Larger bags might be back in style again, and fashion watches as we know them today could be replaced by smartwatches in a few years.
Those are some early trends noted by Michael Kors Holdings Ltd. chairman and chief executive officer John Idol, who was speaking at the 23rd annual Goldman Sachs Global Retailing Conference on Wednesday in Manhattan.
“In North America, we believe that the handbag business will be slightly down in dollars, and that’s in totality, but up still significantly in units,” Idol said at the beginning of his presentation to investors.
According to Idol, the “overall handbag business globally will be in dollars flattish to maybe up a couple of percentage points.” But for its biggest market in North America, the business is being driven by two different factors — the trend of smaller bags and even smaller other goods to fit into the smaller bags.
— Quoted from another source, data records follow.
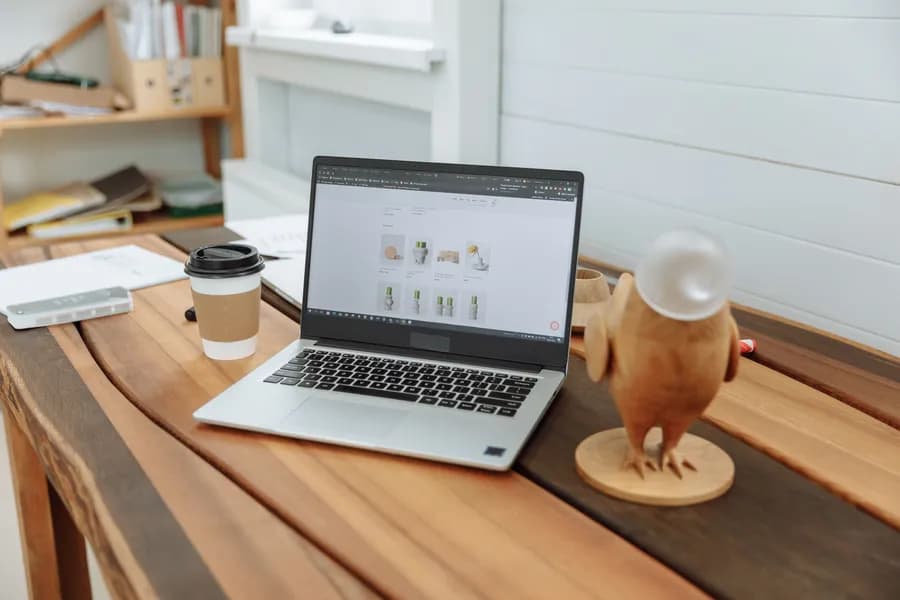 Ahşap masada kurumsal web sitesi açık dizüstü bilgisayar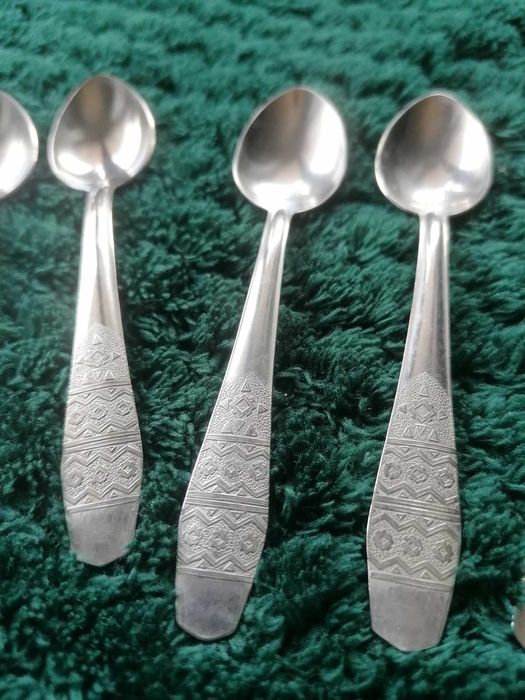 Zestaw starych, radzieckich sztućców - małych łyżeczek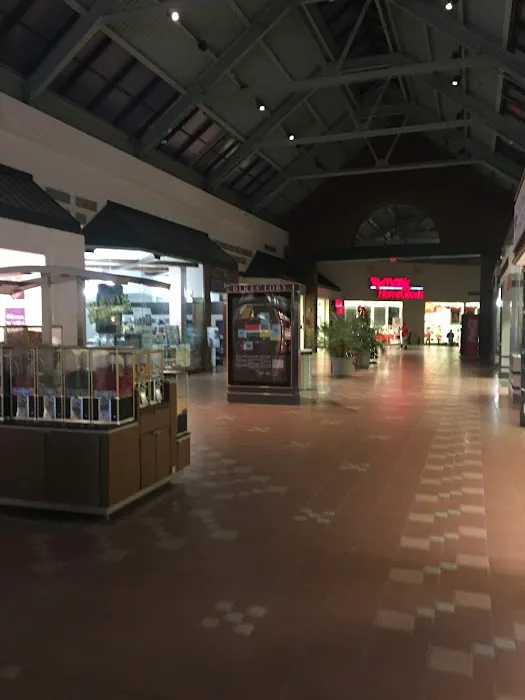 T.J. Maxx & HomeGoods 9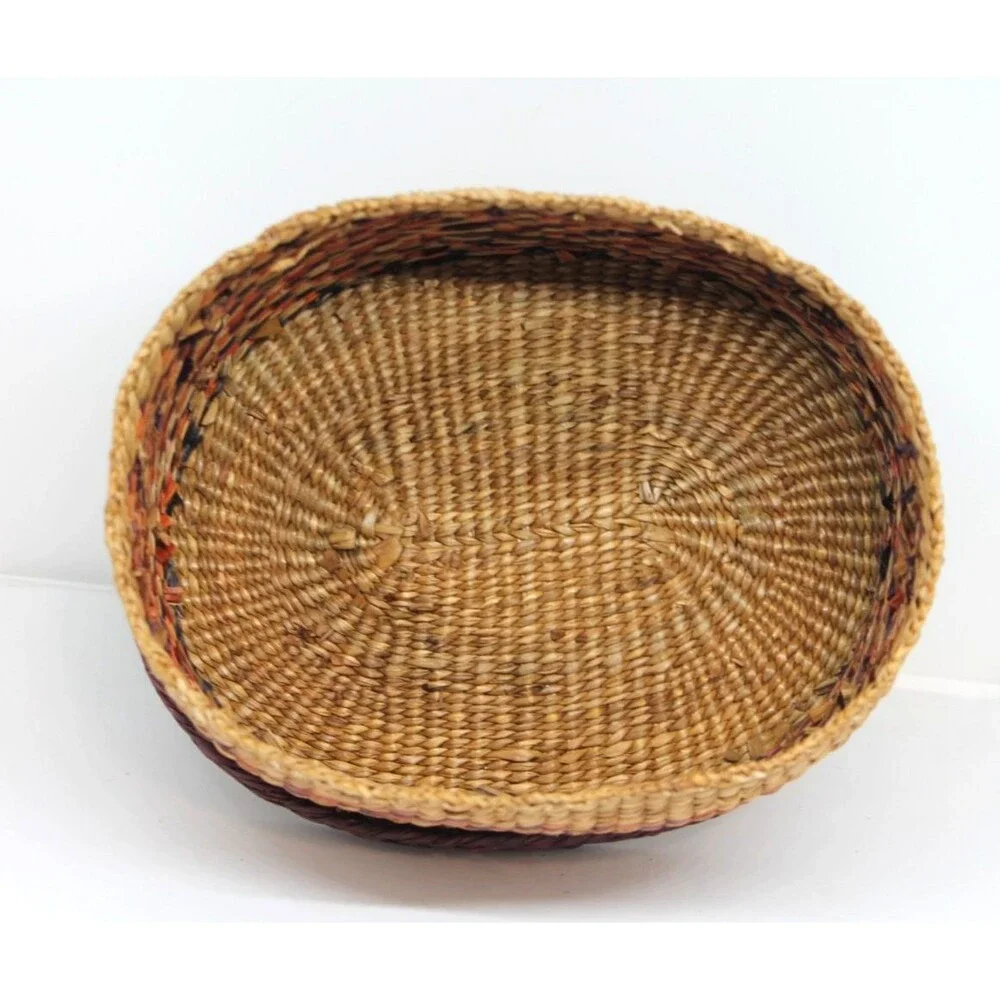 Sweetgrass Handmade Basket Small oval w/lid, 7.5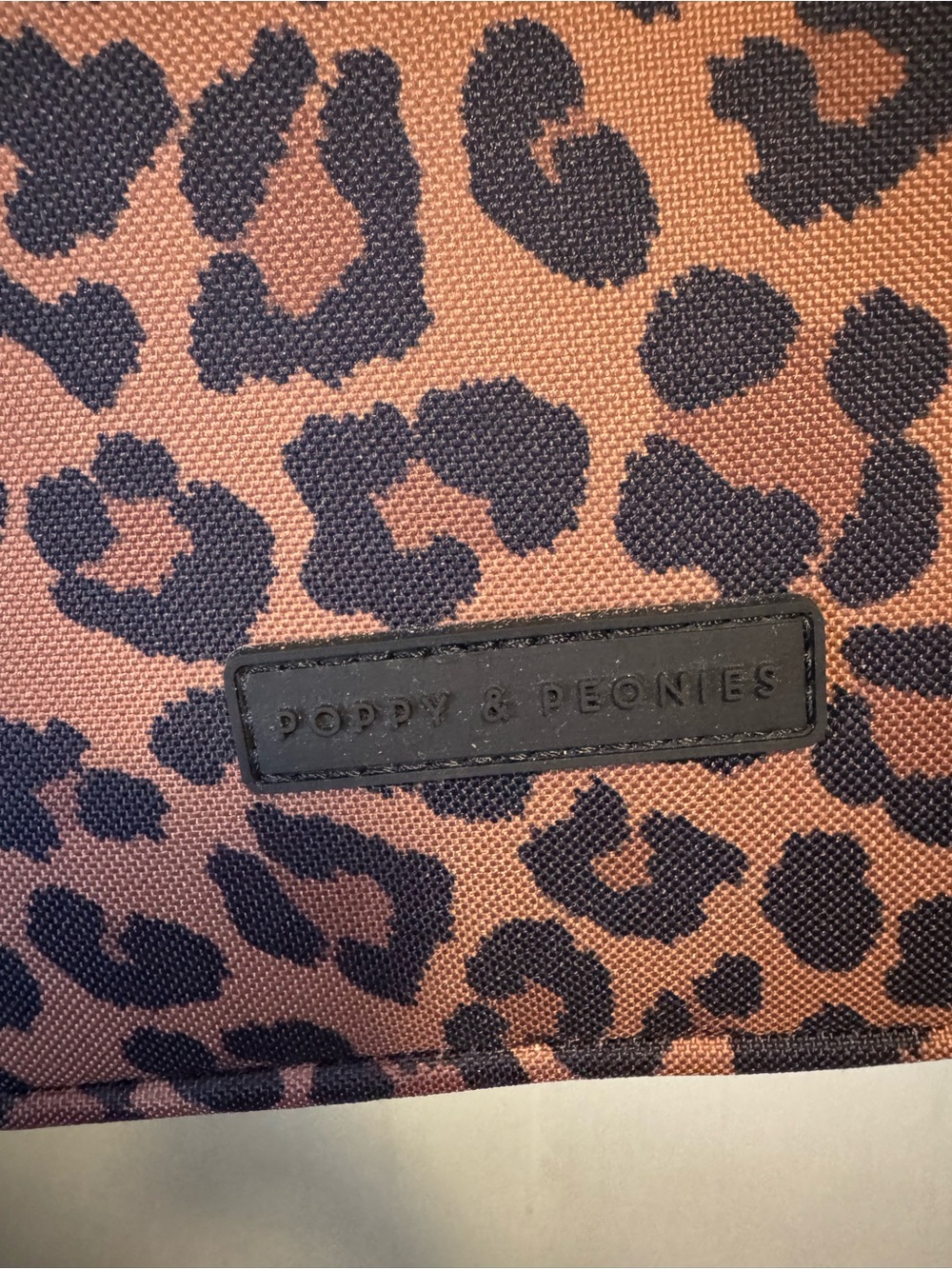 Poppy & Peonies Leopard Print Crossbody cooler Bag - Brown/Black - Picture 2 of 4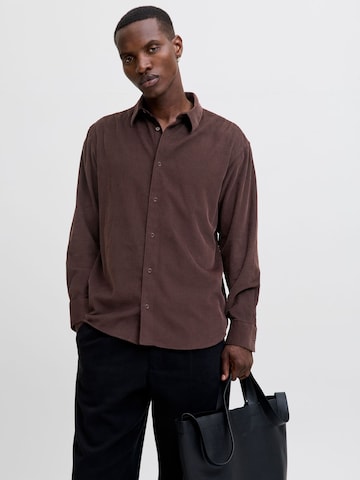 JACK & JONES - Ajuste confortable Camisa en negro: frente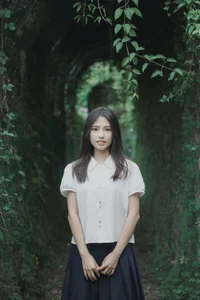 YiTuYu Art Language Vol.9952: Ai He Zhen Zhu Niu Nai Photo Collection - image 12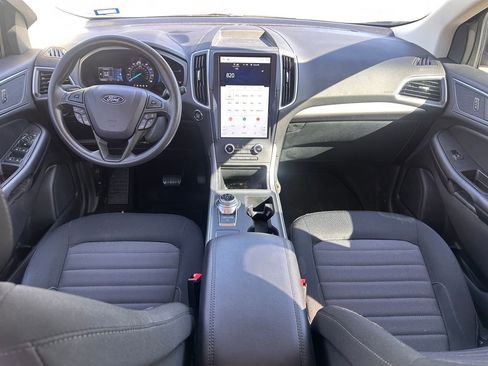 Used 2022 Ford Edge SE image 15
“So both of those things are putting pressure on the AUR in the category. It’s just a fashion cyclical movement,” Idol said, adding that the $5 billion company introduced 18 different groups for the fall season and three of those are “starting to kick in very nicely in the bag size medium to large.”
That data point, according to Idol, indicates “we’re seeing a little bit of a move back. I don’t want to call it a moment when it’s completely transitioning, but we’re seeing a slight move back to medium-sized bags in particular.”
Idol also noted the still promotional activity in the department store arena, which is largely a North American issue. He said the department store channel needs to have fewer promotions, while the handbag business needs to see a return of sales of larger bags. “Some of [our] competitors have talked about seeing that happening as well, and that will be more of a fashion trend issue. And I think you will see the category begin to see some dollar growth again but [we] don’t see [that taking] place until next year.”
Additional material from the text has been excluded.